A 13-year-old boy is among those arrested, Greg says.


How To Read The Post-Sandy Polls

Oct 30, 2012
Originally published on October 30, 2012 2:58 pm

Hurricane Sandy's on-the-ground devastation has yet to be cataloged, and how the violent storm may affect the presidential campaign with just a week to Election Day is equally uncertain.

Will President Obama's response to the disaster help or hurt his re-election prospects? Or will the campaign's new trajectory — canceled appearances, postponed early voting — ultimately benefit Republican Mitt Romney?

Not really thinking much about that, are you?

That's why poll expert Cliff Zukin tells us that the presidential election survey world now needs to be divided: there's pre-Sandy and post-Sandy.

Any polls taken after the storm and while millions of Americans' lives remain disrupted, he says, carry with them a very real potential for accuracy problems.

"We're into a really cataclysmic event," says Zukin, former president of the American Association of Public Opinion Research. "We don't know how many people are going to be affected and for how long."

Post-Sandy surveys, says Zukin, a Rutgers University political science and public policy professor, "are going to be really suspect."

Those living in the dozen states that declared Sandy-related states of emergency will be occupied for many days — if not weeks — waiting for power to be restored, cleaning up, clearing out and dealing with insurance companies.

What's not likely to be a priority, Zukin says, is answering the phone to take questions about who they plan to vote for in the tight presidential race.

That means that surveyors will be hard-pressed to contact enough people by landline and cellphones to find a representative sample — meaning enough respondents to give pollsters the information they need to produce an accurate analysis.

And in fact, at least three national presidential tracking polls were temporarily suspended because of the storm: Gallup, Investors Business Daily/TIPP, and Public Policy Polling.

NPR contacted Zukin before Sandy hit, intending to talk with him in general about how voters should assess the blizzard of polls that have accompanied the final weeks of the presidential campaign.

While we ended up talking about the Sandy effect, Zukin also provided a few guidelines for those trying to make sense of the surveys.

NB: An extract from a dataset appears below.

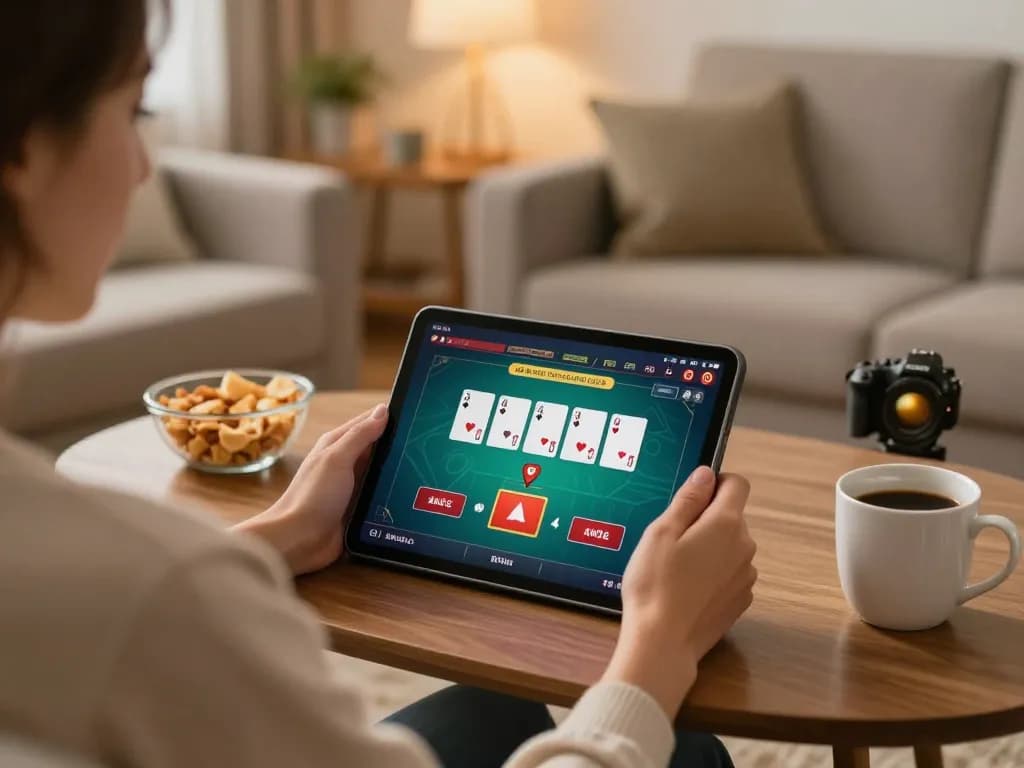 Engaging gameplay on trang chủ jun88 with a person using a tablet for online poker in a cozy setting.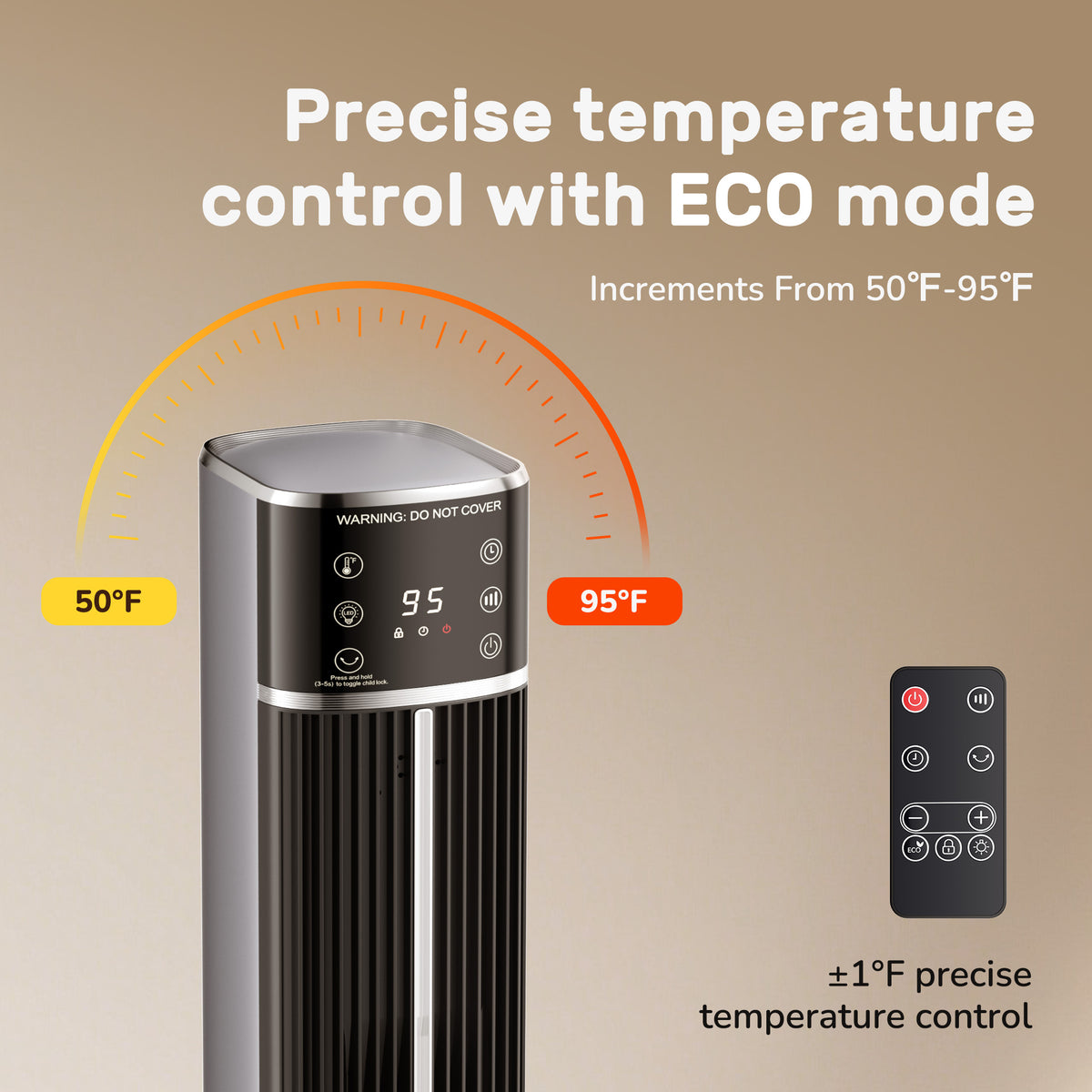 JIOABL Tall Tower Flame Heater | 1500W, 4 Functions, 3s Quick Heat, 2 Heat Settings, Low Noise, Oscillation & Timer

Here's what he advises, including his Sandy analysis.

1.) Don't compare anything pre-storm and post-storm. Anywhere from 10 to 15 percent of the country will be missing from polls for awhile as they try to get back to their regular lives. If the polls show what appears to be a pre- and post-Sandy change, it will be unclear if conditions have actually changed, or if what's changed is surveyors' ability to find people and have them respond in adequate numbers.

2.) Don't trust robocall polls that don't include cellphones. Federal law prohibits automated calling of cellphones, so pollsters who use landline robocalls should also be hand-calling cellphone users. Thirty percent of American adults use cellphones exclusively, and not sampling them will skew results in favor of people who are older, white and more conservative. For a sample of 1,000 people to be representative, about 300 of those contacted should be cellphone users.

3.) Don't compare polls done by different people or organizations. Every pollster uses different formulas to take survey results. Pollsters employ different methods of asking and ordering their questions, and use different tools (the U.S. Census, voter lists, for example) to "weight" their field results and come up with what they have determined is a representative sample. You're better off comparing over-time polls conducted by the same person or organization to detect legitimate trends.

4.) Look at the average of polls like the one maintained by Real Clear Politics. Its average of polls in both 2004 and 2008 were quite close to the final results.

But with Sandy wreaking havoc on land and in the polling world, the only remaining survey with any veracity may be the one on Nov. 6.